A Code Quality Lesson – How to Get Rid of the Clones
Have you ever read someone else’s code and thought you’ve seen similar or redundant code elsewhere (me -> Raises Hand! I love hate Fortran)? It’s often a style of should be extinct dinosaur thinking how-to-code mentality where you need modular code in its own silo. Common or redundant features (ex: printing, API features, etc.…) may be included just because that programmer is responsible for their own silo in the organization and they have no “Care Bear” feelings for team-based code efficiency. Well this article is meant to discuss code clone detection as a mean to reduce silos, look for common ground, eliminate inefficiencies, and identify issues early on in development and testing phases. Code clone detection increases maintainability of code and lowers the cost of code changes.
Visual Studio’s integrated development environment (IDE) can help identify snippets of code that are very similar. It is clever enough to find clones with different variable names or even rearranged statements but is limited to working with statements and not declarations. It delivers code clone detection into a results window to allow a developer to compare two potential code clones side by side.

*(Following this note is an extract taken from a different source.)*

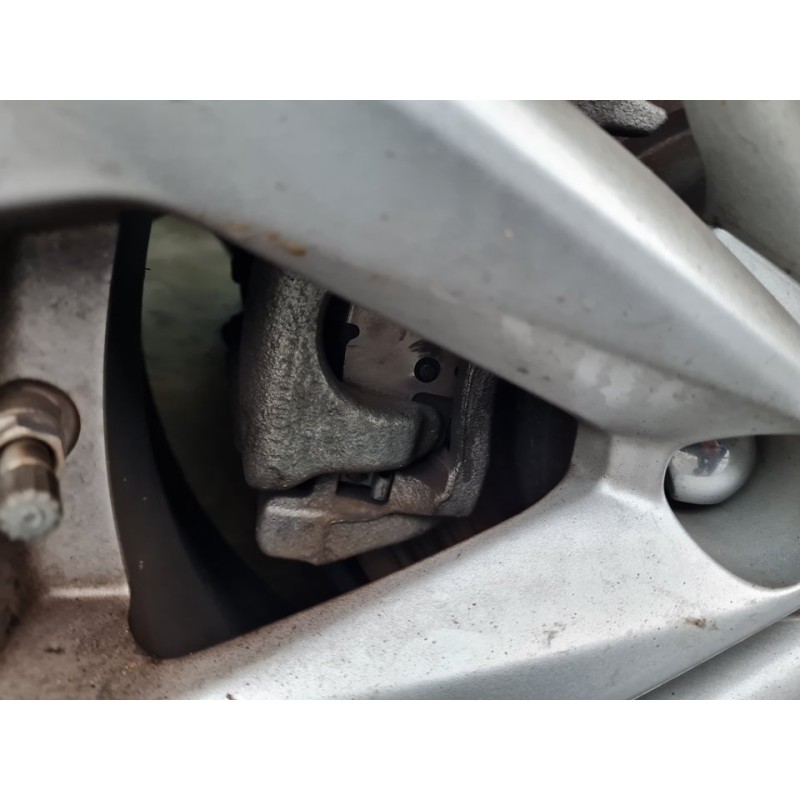 PINZA DE FRENO TRASERA DERECHA 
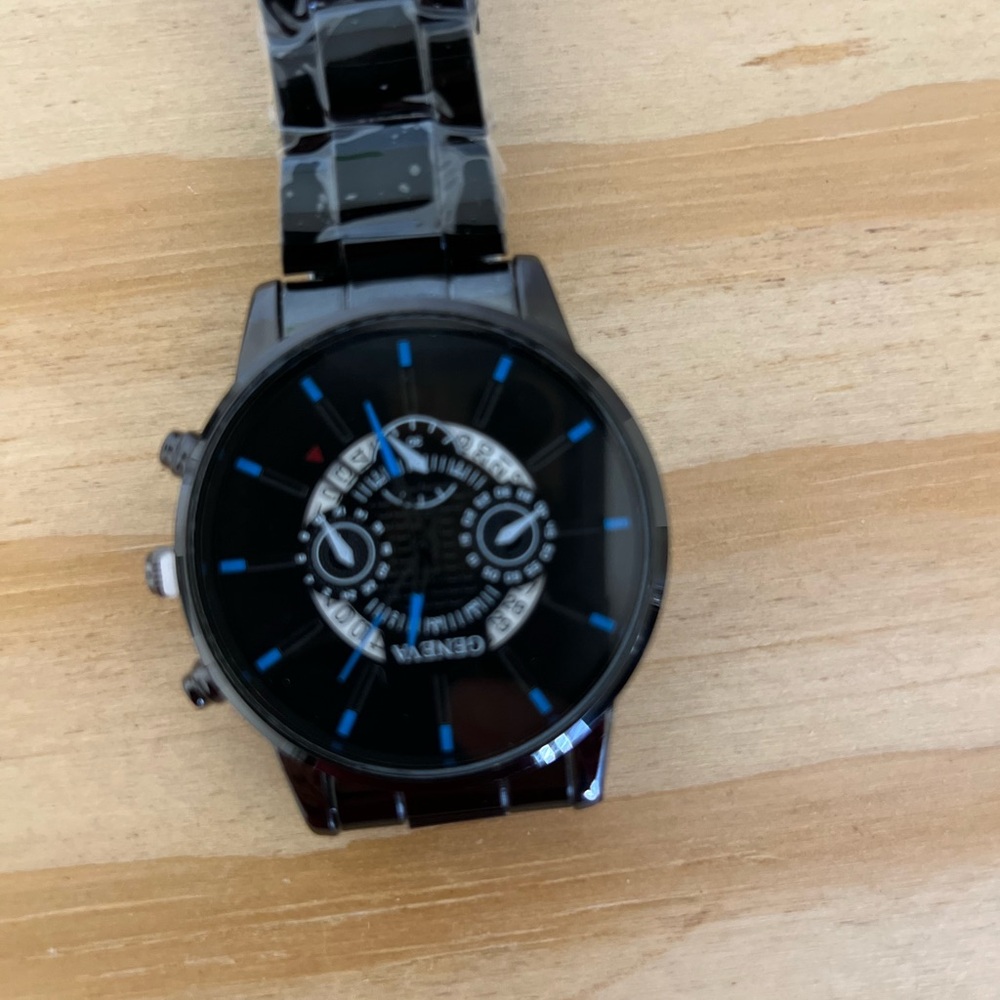 GENEVA Watch for Men's Business and Casual Style Quartz One Size - Picture 2 of 8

Note: According to Microsoft [link], the code clone detection feature works with only code 10 lines or longer. I verified the clone detection did not work with anything less, which would had been a nice feature but they just don’t have it yet.
To launch Code Clone Detection in your Visual Studio, go to Menu -> Analyze -> Analyze Solution for Code Clones. This feature may be only available in your premium+ editions.
Here is an example of a project [link: CloneExample.zip] I made for displaying code clone detection features.
After running code clone detection with code snippets that are >= 10 lines of code, I see some activity in the Code Clone Analysis Results window where I can then select the two matches, right-click, and then Compare the code (see below).
The compare command will bring up the two sections of the code that are side by side into two separate windows aligned next together with the similar sections shown and highlighted. An example is shown below.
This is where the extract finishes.